I'd call this kind of sense common, but it doesn't seem to be. In
an interview with
Walter Williams, John J. Miller asks an intelligent question: "Why are so many well meaning, intelligent people seduced by socialism?" Williams reciprocates with an equally intelligent answer: "People are attracted to socialism because it
sounds caring - they look to the hoped for results, not the process. "I'm not against charity," says Williams.
Reaching into one's own pockets to help a fellow man in need is praiseworthy and laudable. I think reaching into someone else's pockets to help your fellow man in need is despicable and worthy of condemnation.
For an example of the latter, Burton W. Folsom, Jr. in
New Deal or Raw Deal? explains how FDR's economic policy jailed people for lowering prices, and that at one point Roosevelt proposed a 99.5% tax rate to all incomes over 100,000. Because people in this income bracket generally own, operate and start businesses, this "compassionate" policy would have killed said businesses, inadvertently annihilating countless incomes under $100 - but the WPA wasn't just going to pay for itself.
According to Williams,
article 1, section 8 of the U.S.Constitution lists roughly 21 things that government
can do (providing life meaning and purpose, by the way, is not among them). If Congress limited itself to these mandated functions, our government would spend 600-700 billion dollars a year, not trillions. Nor would it be in the bailout business, because in a free market, businesses failing are just as important their succeeding.

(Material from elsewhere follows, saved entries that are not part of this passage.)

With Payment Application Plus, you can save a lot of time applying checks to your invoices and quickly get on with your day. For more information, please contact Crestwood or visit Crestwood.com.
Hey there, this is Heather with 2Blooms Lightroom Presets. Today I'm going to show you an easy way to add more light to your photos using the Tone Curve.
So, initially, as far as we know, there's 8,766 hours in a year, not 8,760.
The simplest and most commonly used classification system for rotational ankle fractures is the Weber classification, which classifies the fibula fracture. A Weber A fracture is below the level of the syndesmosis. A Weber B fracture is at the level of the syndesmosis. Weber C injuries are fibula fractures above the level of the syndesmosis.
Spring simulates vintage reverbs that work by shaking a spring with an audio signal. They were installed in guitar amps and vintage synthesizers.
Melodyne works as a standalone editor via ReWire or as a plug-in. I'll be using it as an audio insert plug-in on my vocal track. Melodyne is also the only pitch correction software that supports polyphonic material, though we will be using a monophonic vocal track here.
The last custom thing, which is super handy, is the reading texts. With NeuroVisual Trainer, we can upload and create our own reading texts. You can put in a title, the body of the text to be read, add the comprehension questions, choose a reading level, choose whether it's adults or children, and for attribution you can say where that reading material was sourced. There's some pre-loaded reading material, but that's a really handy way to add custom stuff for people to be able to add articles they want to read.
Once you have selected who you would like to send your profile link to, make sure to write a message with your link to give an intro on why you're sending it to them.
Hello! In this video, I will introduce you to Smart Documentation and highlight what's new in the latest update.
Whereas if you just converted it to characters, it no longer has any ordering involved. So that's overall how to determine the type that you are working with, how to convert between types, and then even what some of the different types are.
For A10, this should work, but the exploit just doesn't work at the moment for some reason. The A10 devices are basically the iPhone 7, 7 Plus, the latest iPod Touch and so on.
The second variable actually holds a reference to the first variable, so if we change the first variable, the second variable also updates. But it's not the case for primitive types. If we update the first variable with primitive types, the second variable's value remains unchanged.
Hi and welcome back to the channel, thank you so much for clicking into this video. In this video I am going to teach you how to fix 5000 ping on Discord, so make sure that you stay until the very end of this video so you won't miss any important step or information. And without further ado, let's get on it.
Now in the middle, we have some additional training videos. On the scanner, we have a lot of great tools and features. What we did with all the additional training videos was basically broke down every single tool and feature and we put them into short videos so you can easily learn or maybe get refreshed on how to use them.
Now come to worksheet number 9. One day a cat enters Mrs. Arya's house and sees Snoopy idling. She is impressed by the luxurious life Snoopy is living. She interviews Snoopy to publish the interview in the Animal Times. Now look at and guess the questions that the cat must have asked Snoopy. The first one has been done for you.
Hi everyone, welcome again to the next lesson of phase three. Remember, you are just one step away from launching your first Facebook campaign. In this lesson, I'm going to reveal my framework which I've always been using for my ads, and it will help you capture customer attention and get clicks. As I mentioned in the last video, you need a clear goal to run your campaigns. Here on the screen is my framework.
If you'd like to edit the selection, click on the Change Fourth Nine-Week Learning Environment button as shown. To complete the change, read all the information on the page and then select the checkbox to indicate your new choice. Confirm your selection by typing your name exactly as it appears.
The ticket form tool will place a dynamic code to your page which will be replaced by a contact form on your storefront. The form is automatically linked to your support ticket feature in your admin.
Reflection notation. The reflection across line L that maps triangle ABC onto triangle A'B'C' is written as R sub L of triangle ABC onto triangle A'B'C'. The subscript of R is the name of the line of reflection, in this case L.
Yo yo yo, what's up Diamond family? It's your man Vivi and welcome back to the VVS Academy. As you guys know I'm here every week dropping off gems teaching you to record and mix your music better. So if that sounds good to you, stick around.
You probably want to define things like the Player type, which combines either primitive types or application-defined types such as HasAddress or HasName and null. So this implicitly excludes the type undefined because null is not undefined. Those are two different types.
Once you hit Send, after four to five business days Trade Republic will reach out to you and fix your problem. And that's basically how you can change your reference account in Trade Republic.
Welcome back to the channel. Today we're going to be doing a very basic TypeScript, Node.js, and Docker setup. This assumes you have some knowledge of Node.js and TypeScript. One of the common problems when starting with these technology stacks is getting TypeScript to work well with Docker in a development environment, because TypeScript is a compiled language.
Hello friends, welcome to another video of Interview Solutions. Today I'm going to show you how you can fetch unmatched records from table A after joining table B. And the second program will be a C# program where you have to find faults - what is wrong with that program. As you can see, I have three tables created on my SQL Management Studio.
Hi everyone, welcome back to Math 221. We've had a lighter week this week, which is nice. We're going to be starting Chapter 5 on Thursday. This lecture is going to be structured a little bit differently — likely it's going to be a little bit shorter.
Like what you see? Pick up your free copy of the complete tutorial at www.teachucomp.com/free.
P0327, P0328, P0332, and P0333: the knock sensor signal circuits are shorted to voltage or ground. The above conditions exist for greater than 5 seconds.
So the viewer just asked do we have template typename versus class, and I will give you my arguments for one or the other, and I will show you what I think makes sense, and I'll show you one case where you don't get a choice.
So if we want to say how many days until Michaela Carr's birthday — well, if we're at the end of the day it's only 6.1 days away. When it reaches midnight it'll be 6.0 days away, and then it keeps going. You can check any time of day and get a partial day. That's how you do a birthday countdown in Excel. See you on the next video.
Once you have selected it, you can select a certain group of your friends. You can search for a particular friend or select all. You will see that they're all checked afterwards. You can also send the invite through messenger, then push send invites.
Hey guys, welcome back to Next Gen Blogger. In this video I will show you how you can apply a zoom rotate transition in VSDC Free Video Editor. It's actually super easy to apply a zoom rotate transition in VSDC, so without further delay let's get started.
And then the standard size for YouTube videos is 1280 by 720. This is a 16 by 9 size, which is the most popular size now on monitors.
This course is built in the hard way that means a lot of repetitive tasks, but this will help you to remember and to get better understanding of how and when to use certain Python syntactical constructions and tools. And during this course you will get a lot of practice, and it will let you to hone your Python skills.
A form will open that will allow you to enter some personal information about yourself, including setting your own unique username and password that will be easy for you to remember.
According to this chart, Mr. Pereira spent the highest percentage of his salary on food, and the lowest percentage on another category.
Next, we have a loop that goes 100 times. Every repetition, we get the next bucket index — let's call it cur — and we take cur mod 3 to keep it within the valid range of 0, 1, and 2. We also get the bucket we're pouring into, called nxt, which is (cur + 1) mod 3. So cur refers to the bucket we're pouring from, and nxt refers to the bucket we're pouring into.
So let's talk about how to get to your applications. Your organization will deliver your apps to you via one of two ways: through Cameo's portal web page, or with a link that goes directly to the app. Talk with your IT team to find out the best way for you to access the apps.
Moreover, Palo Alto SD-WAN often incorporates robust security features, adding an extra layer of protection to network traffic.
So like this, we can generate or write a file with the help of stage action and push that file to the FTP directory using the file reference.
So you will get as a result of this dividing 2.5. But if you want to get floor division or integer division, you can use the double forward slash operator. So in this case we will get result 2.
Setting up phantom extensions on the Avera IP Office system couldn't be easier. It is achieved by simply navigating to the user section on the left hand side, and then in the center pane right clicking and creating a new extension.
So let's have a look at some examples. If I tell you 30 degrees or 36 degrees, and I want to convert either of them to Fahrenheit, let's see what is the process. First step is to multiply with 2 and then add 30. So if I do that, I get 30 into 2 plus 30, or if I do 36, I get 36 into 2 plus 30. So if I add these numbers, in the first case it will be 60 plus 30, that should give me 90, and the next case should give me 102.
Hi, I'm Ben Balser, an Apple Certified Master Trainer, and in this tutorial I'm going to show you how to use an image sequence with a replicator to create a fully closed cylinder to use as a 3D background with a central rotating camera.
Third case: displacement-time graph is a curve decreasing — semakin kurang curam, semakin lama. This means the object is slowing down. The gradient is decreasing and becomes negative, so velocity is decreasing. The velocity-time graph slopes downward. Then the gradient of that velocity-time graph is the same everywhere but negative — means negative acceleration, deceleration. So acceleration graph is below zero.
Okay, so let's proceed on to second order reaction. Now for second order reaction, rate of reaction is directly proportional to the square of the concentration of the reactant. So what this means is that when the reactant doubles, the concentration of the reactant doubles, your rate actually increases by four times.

What perturbs me most in economic discussion is the assumption that if one is for a free market (as I am), then one must not care about the poor. It's not a question of whether or not one cares about the poor (a Christian, at least, has no choice on that score.) The question is which system has the potential to lift the most people out of poverty. While wealth redistribution and third-world grants may
sound caring, in reality, we might as well cut out the middle man and build African dictator's French villa's
for them. Who should we listen to on this? Progressive biblical scholars, bishops and theologians, or
Nobel Prize winning economists?
Muhammed Yunus' experience teaching in India led to a crisis in his economic principles. "What good were all my complex theories when people were dying of starvation on the sidewalks and porches across from my lecture hall?" So he went back to the drawing board.
The poor taught me an entirely new economics. I learned about the problems that they face from their own perspective. I tried a great number of things. Some worked. Others did not. One that worked well was to offer people tiny loans for self-employment. These loans provided a starting point for cottage industries and other income-generating activities that used the skills the borrowers already had.
I never imagined that my micro-lending program would be the basis for a nationwide "bank for the poor" serving 2.5 million people or that it would be adapted in more than one hundred countries spanning five continents. I was only trying to relieve my guilt and satisfy my desire to be useful to a few starving human beings. But it did not stop with a few people. Those who borrowed and survived would not let it. And after a while, neither would I.
Let that be your picture of entrepeneurship. Socialism sounds caring, but look beneath the surface: It isn't. The free market sounds uncaring, but look beneath the surface: Mixed with the compassion exhibited by Muhammed Yunis, it can be.